§ **Try it**
The data should be written out in full, exactly as it stands, and the pictures dropped.

(Records from a data source)
==============================

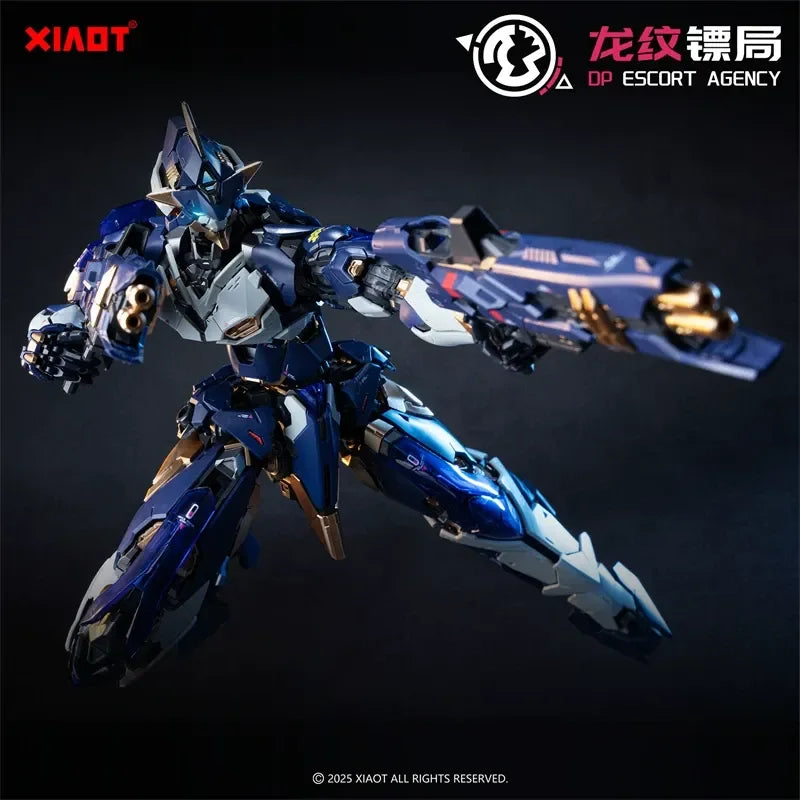 XIAOT Burning Steel Heavy Industry DP Escort Agency Project 01 Ling Yao MG 1/100 Anime Doll Assembly Mecha Model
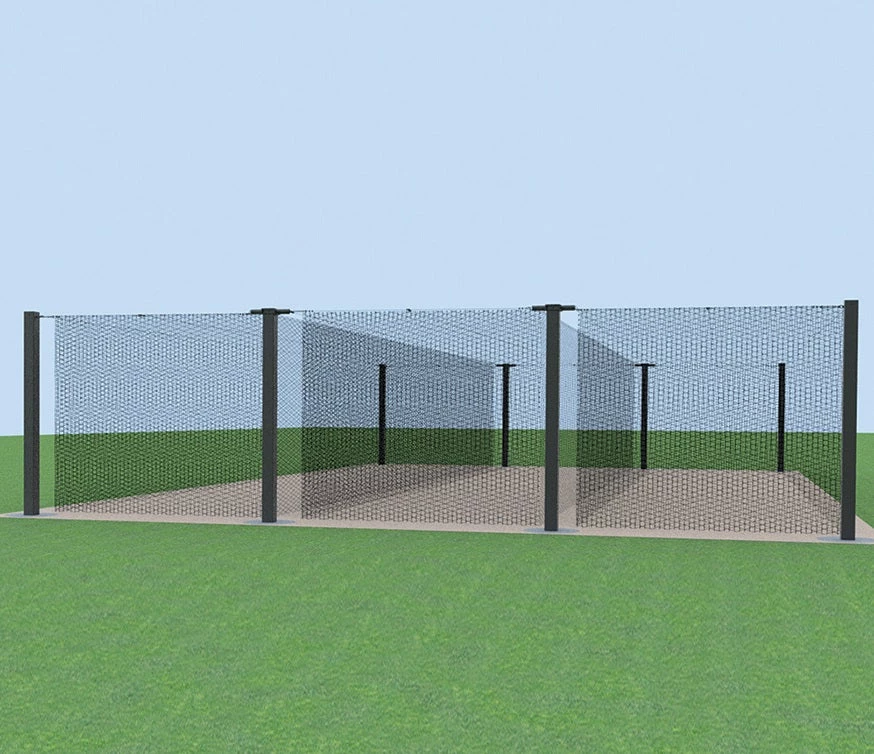 Jaypro Sports Batting Tunnel Frame - Mega Outdoor - (70') - Stackable Tunnel Kit Baseball 3 Jaypro Sports Batting Tunnel Frame - Mega Outdoor - (70') - Stackable Tunnel Kit Baseball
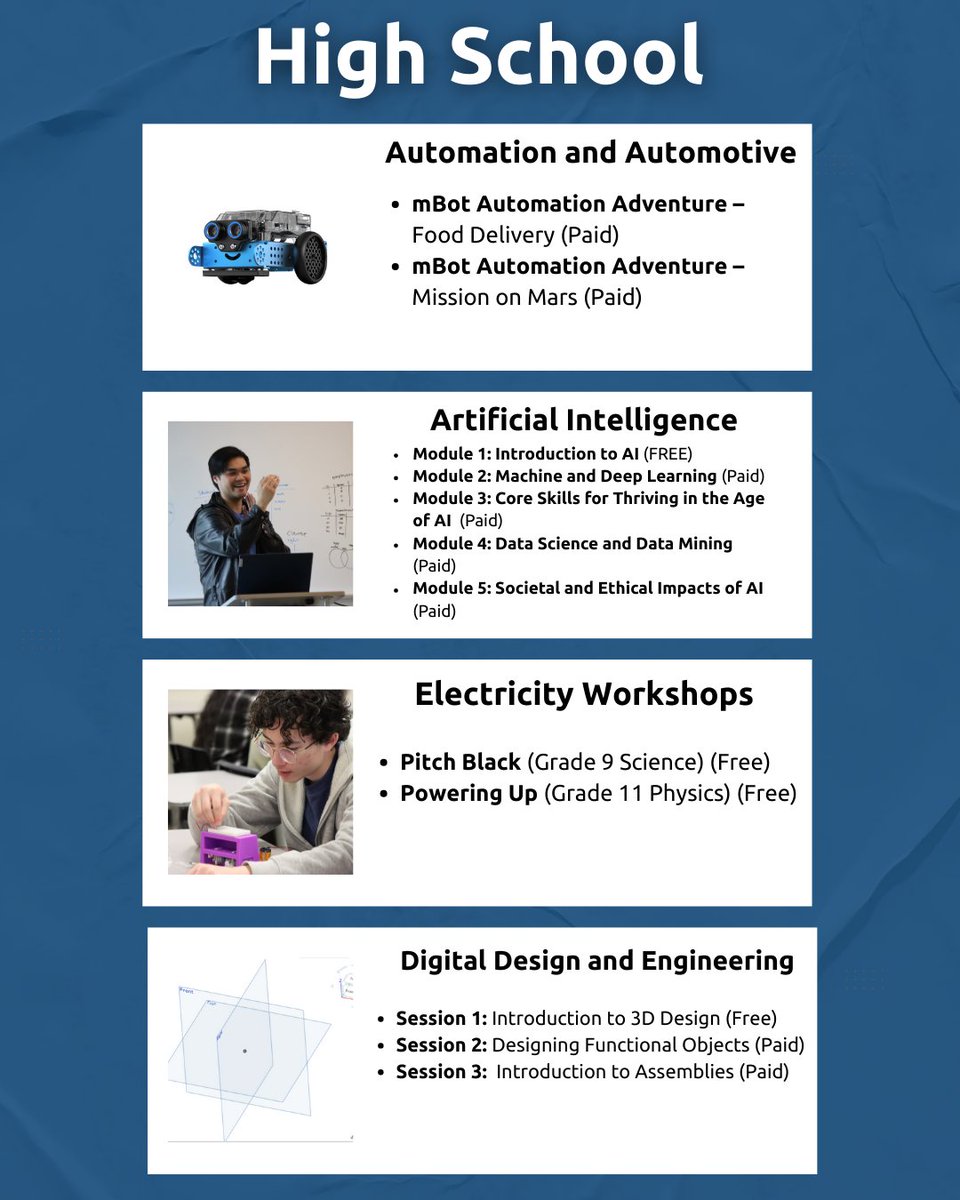 Ontario Tech University Engineering Outreach tweet media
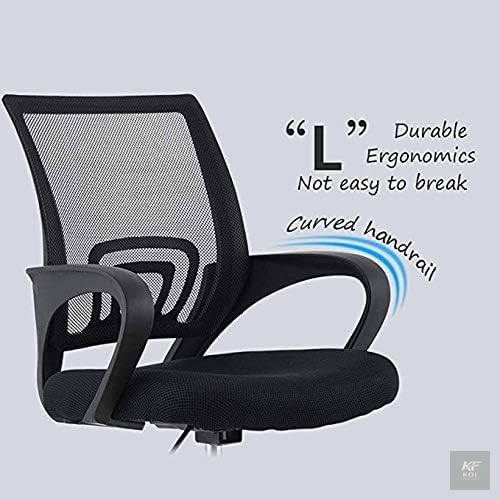 black mid-back mesh office swivel chair, black mesh office swivel chair, mid-back mesh office chair, ergonomic mid-back office chair, black ergonomic office chair, mesh swivel chair, ergonomic swivel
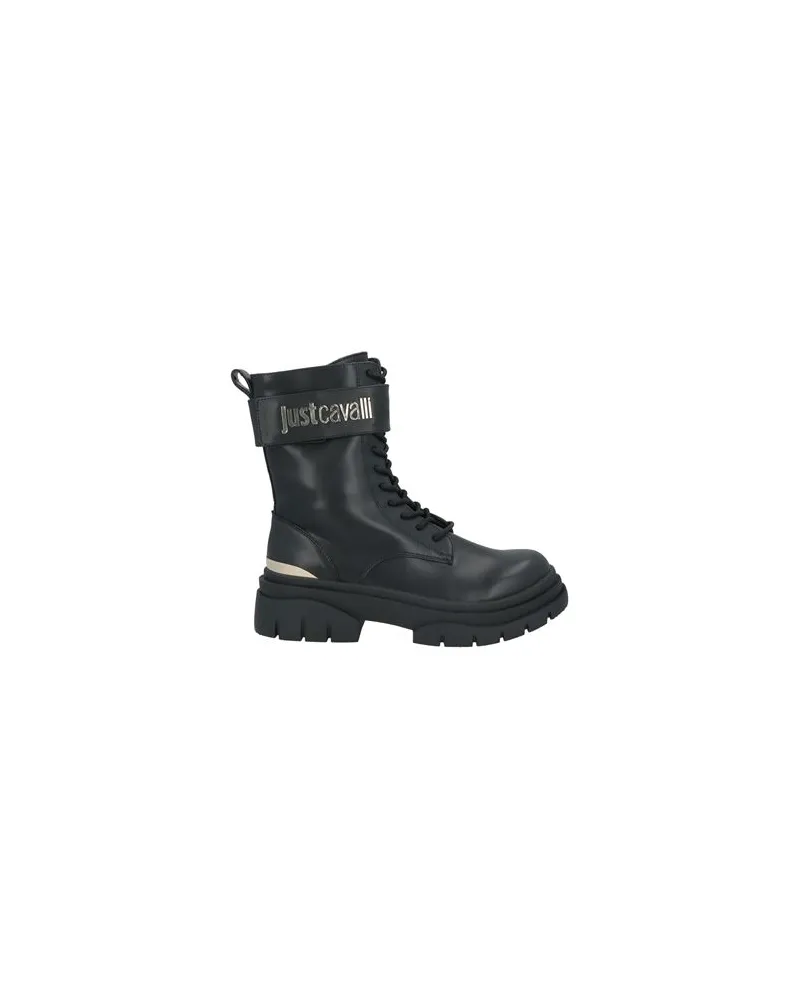 Just Cavalli SCHUHE - Stiefelettenauf YOOX.COM Schwarz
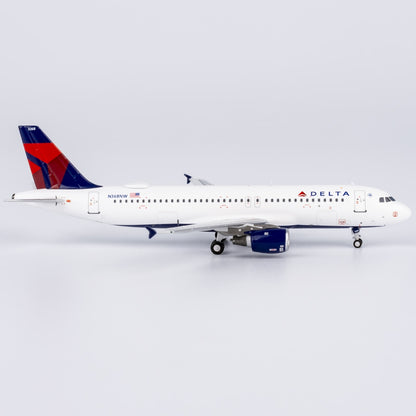 1:400 NGmodels Delta Air Lines Airbus A320 Passenger Airplane Diecast Model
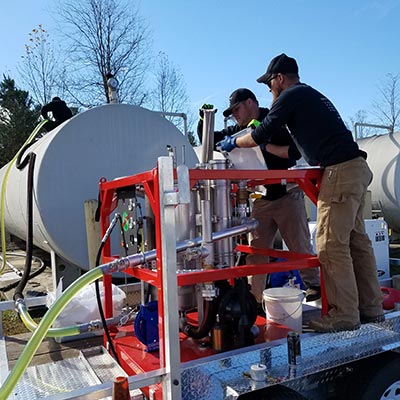 Fuel Polishing Service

==============================

§ **Exercise response**
 XIAOT Burning Steel Heavy Industry DP Escort Agency Project 01 Ling Yao MG 1/100 Anime Doll Assembly Mecha Model
 Jaypro Sports Batting Tunnel Frame - Mega Outdoor - (70') - Stackable Tunnel Kit Baseball 3 Jaypro Sports Batting Tunnel Frame - Mega Outdoor - (70') - Stackable Tunnel Kit Baseball
 Ontario Tech University Engineering Outreach tweet media
 black mid-back mesh office swivel chair, black mesh office swivel chair, mid-back mesh office chair, ergonomic mid-back office chair, black ergonomic office chair, mesh swivel chair, ergonomic swivel
 Just Cavalli SCHUHE - Stiefelettenauf YOOX.COM Schwarz
 1:400 NGmodels Delta Air Lines Airbus A320 Passenger Airplane Diecast Model
 Fuel Polishing Service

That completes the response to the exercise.